About this exercise - Write the records out exactly as shown. No pictures.

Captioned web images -
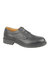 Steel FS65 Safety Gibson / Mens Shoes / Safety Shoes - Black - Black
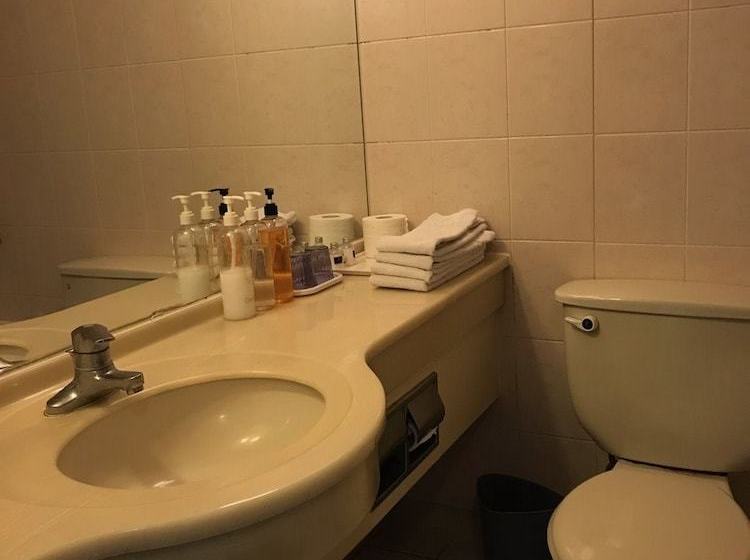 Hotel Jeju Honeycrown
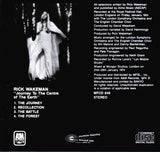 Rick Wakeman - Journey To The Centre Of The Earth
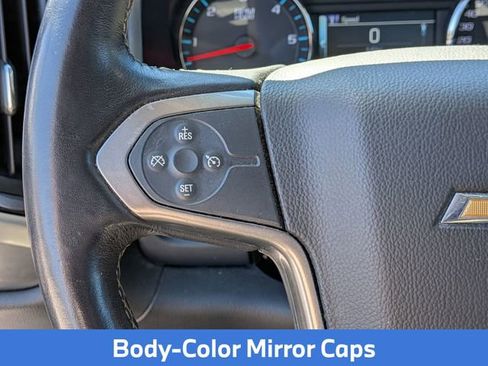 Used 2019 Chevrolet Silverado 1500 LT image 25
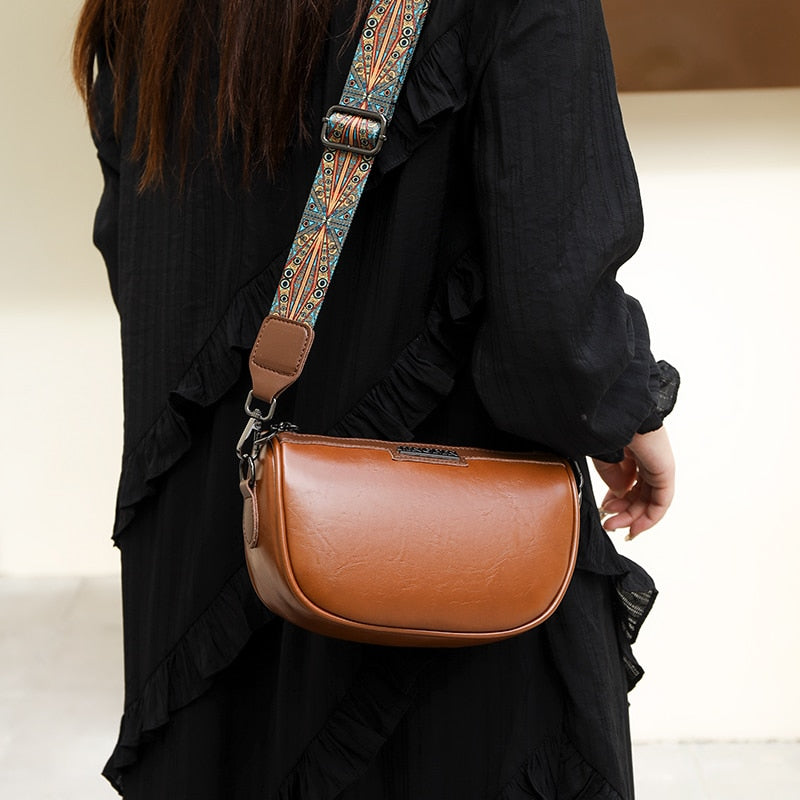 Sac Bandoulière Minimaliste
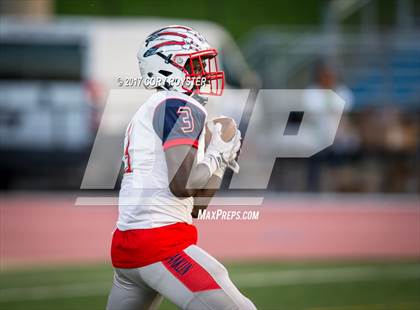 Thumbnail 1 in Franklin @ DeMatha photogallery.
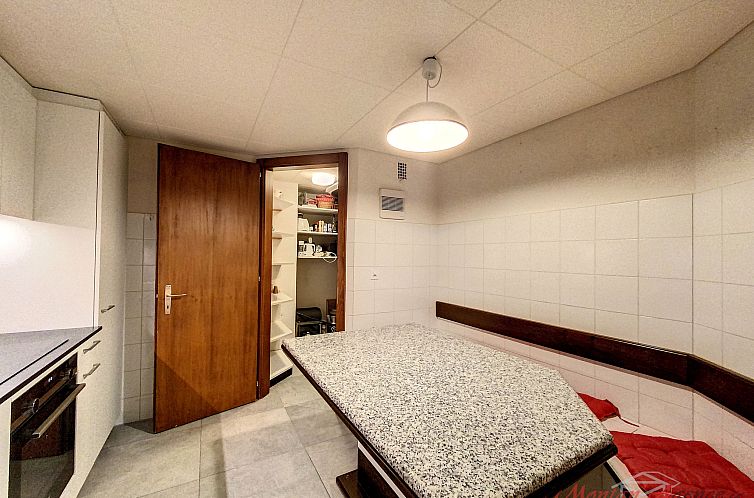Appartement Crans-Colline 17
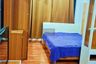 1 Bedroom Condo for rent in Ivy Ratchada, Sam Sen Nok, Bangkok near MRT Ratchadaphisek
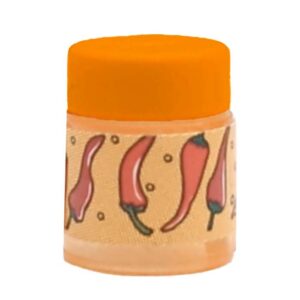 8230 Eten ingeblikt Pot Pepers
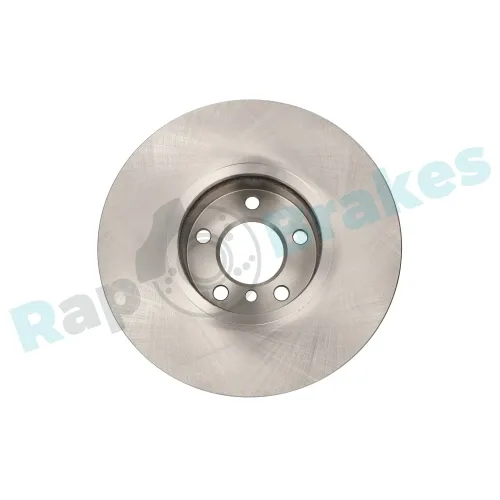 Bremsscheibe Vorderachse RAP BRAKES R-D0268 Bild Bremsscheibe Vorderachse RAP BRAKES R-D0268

Solution to the problem -
 Steel FS65 Safety Gibson / Mens Shoes / Safety Shoes - Black - Black
 Hotel Jeju Honeycrown
 Rick Wakeman - Journey To The Centre Of The Earth
 Used 2019 Chevrolet Silverado 1500 LT image 25
 Sac Bandoulière Minimaliste
 Thumbnail 1 in Franklin @ DeMatha photogallery.
Appartement Crans-Colline 17
 1 Bedroom Condo for rent in Ivy Ratchada, Sam Sen Nok, Bangkok near MRT Ratchadaphisek
 8230 Eten ingeblikt Pot Pepers
 Bremsscheibe Vorderachse RAP BRAKES R-D0268 Bild Bremsscheibe Vorderachse RAP BRAKES R-D0268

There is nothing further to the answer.